= Robert Kinglake (physician) =

British physician (1765–1842)

Robert Kinglake M.D. (1765–1842) was an English physician, known as a medical writer.

==Life==
Kinglake graduated M.D. at the university of Göttingen, and also studied at the university of Edinburgh. After practising for some years as a surgeon at Chipping Norton, Oxfordshire, he moved to Chilton-upon-Polden in Somerset, and in 1802 to Taunton. At this period Kinglake worked part-time for the Pneumatic Institution.

At Taunton Kinglake attended public meetings and made speeches in support of the first Reform Bill. He died on 26 September 1842 at West Monkton rectory, near Taunton, the home of his son W. C. Kinglake. He was a member of the Royal Medical Society of Edinburgh, the Physical Society of Göttingen, and other learned bodies.

==Works==
Kinglake attracted attention with his controversial writings on gout, in which he advocated a refrigeration treatment. It was based on application of cloths soaked in a mixture of ammonia and cold water. His first papers on the subject appeared in 1801 and 1803 in the Medical and Physical Journal. His views were opposed by William Wadd, W. Perry, John Hunt, John Ring, and others. James Parkinson launched a major attack in 1805, in Observations on the Nature and Cure of the Gout (1805).

Kinglake replied to his critics in:

- A Dissertation on Gout (with appendix), London, 1804.
- Reply to Mr. Edlin's two Cases of Gout, Taunton, 1804.
- Additional Cases of Gout, Taunton, 1807.
- Strictures on Mr.

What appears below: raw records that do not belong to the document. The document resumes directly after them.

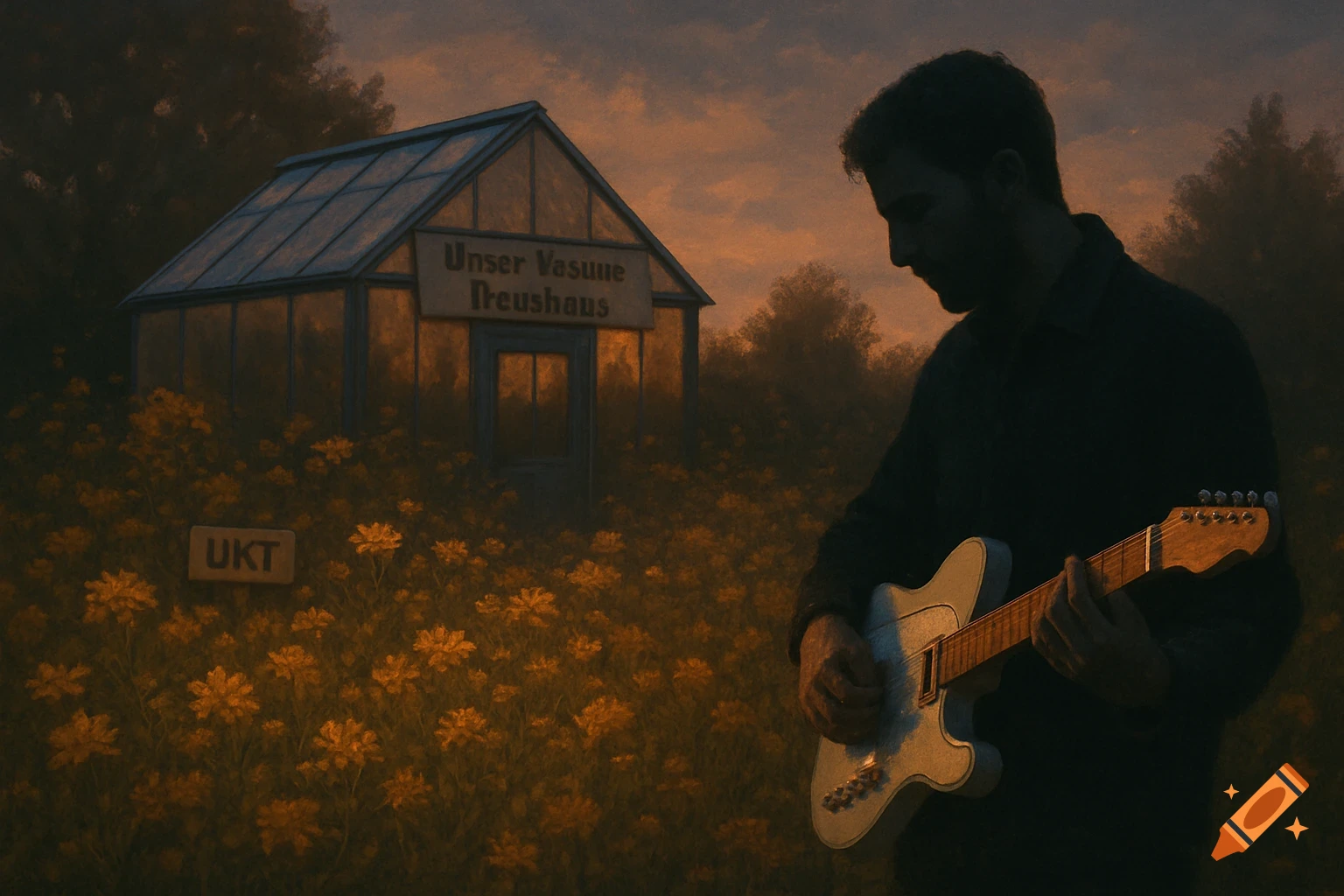 A man in silhouette plays a white electric guitar in a field of yellow flowers at dusk, with a greenhouse and trees in the background.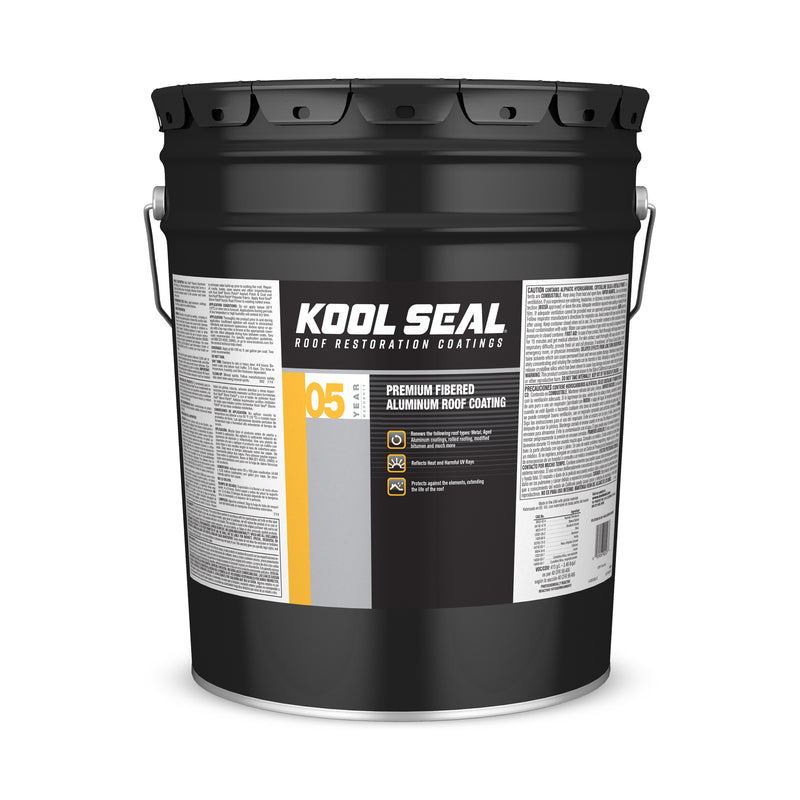 THE SHERWIN-WILLIAMS COMPANY, Kool Seal Premium Silver Asphalt Fibered Aluminum Roof Coating 5 gal (Pack of 5)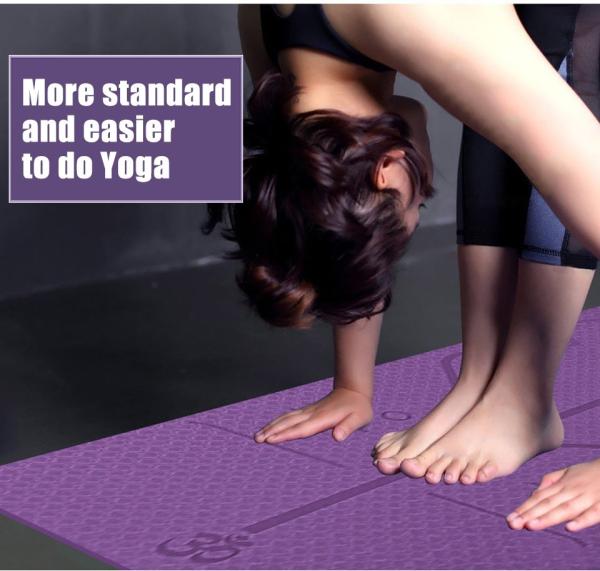 Buy cheap Beginner Fitness Yoga Mat TPE Yoga Mat Non Slip Gym Fitness Mat With Position Line from wholesalers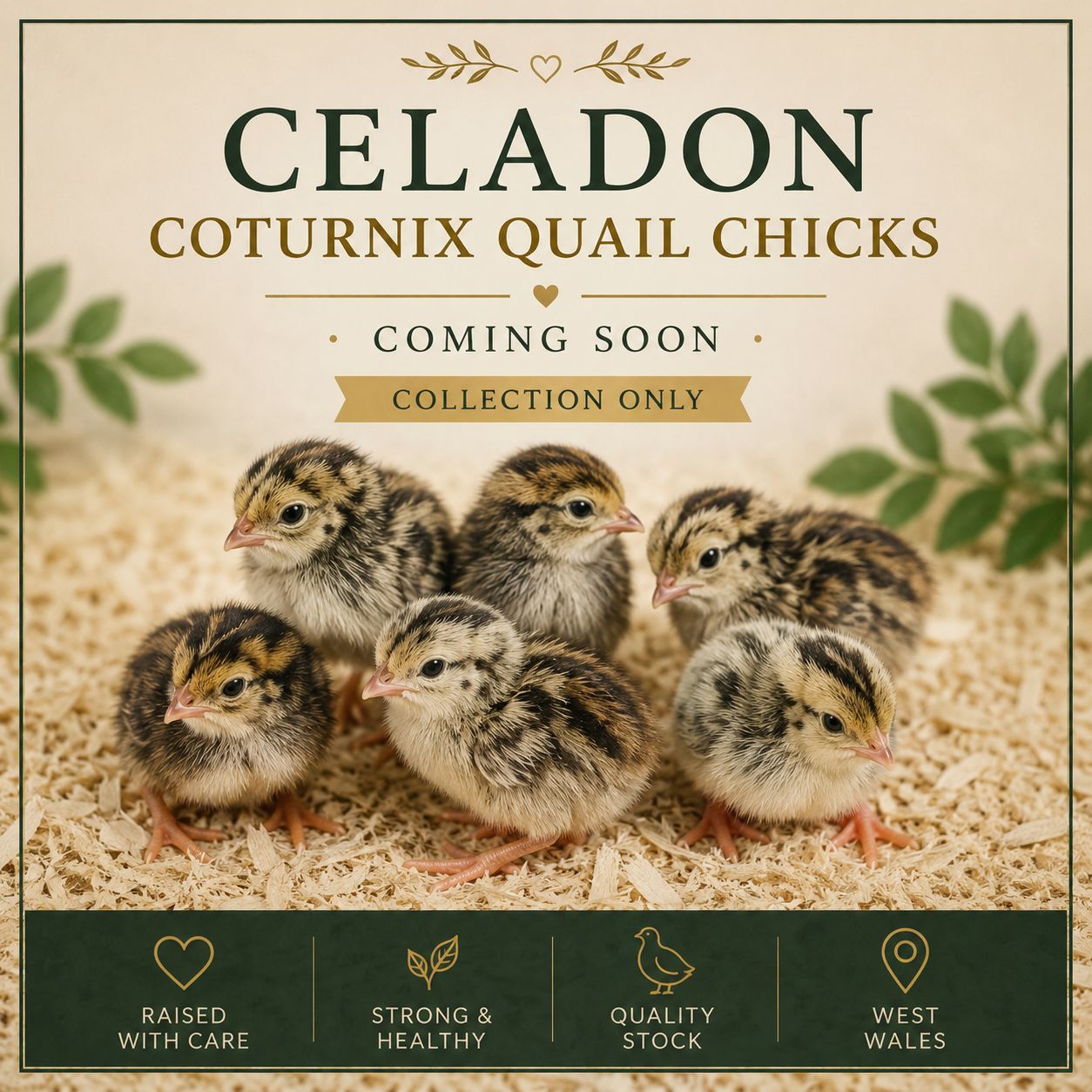 Celadon Coturnix Quail Chicks  - COMING SOON · COLLECTION ONLY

Parkinson's Observations on the Nature and Cure of Gout. … To which are added, Two Letters to Dr. Haygarth, containing Remarks on the Opinions he has lately published on Acute Rheumatism, Taunton, 1807.

He also published "Observations on the Medicinal Effects of Digitalis" in the Medical and Physical Journal for 1800. In Robert Macnish's Anatomy of Drunkenness, there is a short article by the author on Kinglake's experiment with ether.